> [Exercise]: In full and exactly, reproduce the entries below, but omit the pictures.

┌─ Information given

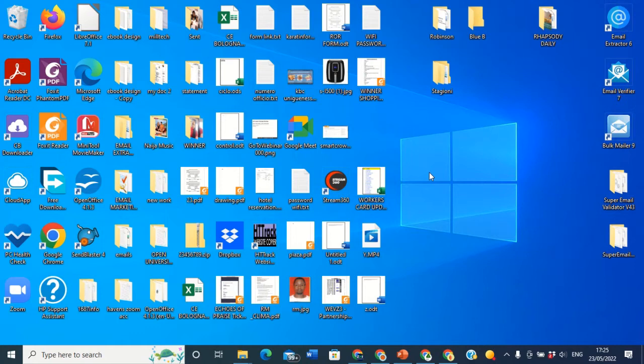Welcome back to my YouTube channel. Today I'm going to show you guys how you can change your desktop background. So just a short video I'm going to show you today. It's very easy guys — just stay tuned as you watch and gain some knowledge.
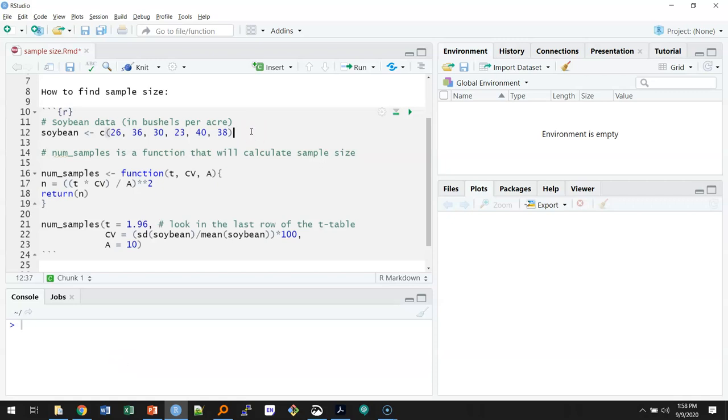This video will show you how to calculate the sample size for the soybean data. I've entered the soybean data here in bushels per acre and I've called it soybean.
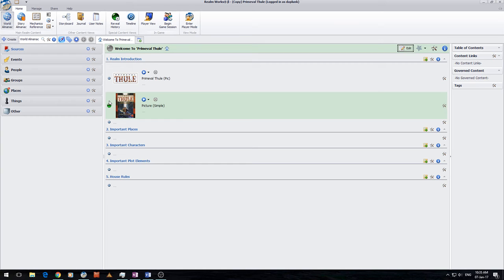This is for those of you who maybe have a Realm already in place for a campaign setting and you just need a new copy of that to get up and started. That's what the copy functionality is for.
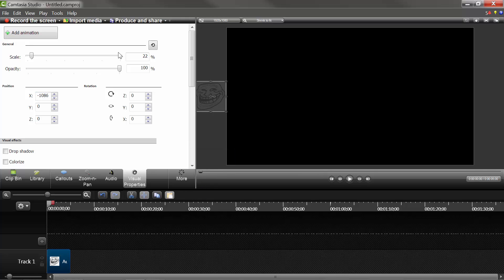Now, from the Visual Properties, this allows you to change a lot of things, the x-axis, the y-axis. This is rotation, obviously, so you can rotate it one way or another. So, this is going to be how you create the animation.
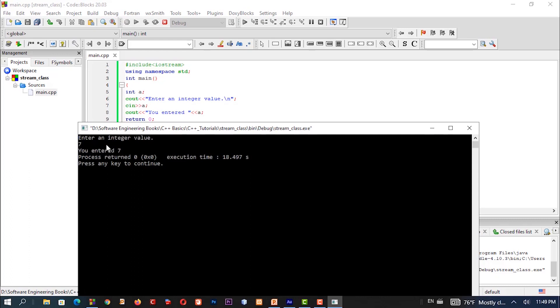You enter the value, say seven, and the output displays that value. Return zero — valid program end. The main function ends. Okay, I ran again: enter an integer value — enter seven — and it displays seven. Bye bye.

└─

> [Response to this exercise]:
Welcome back to my YouTube channel. Today I'm going to show you guys how you can change your desktop background. So just a short video I'm going to show you today. It's very easy guys — just stay tuned as you watch and gain some knowledge.
This video will show you how to calculate the sample size for the soybean data. I've entered the soybean data here in bushels per acre and I've called it soybean.
This is for those of you who maybe have a Realm already in place for a campaign setting and you just need a new copy of that to get up and started. That's what the copy functionality is for.
Now, from the Visual Properties, this allows you to change a lot of things, the x-axis, the y-axis. This is rotation, obviously, so you can rotate it one way or another. So, this is going to be how you create the animation.
You enter the value, say seven, and the output displays that value. Return zero — valid program end. The main function ends. Okay, I ran again: enter an integer value — enter seven — and it displays seven. Bye bye.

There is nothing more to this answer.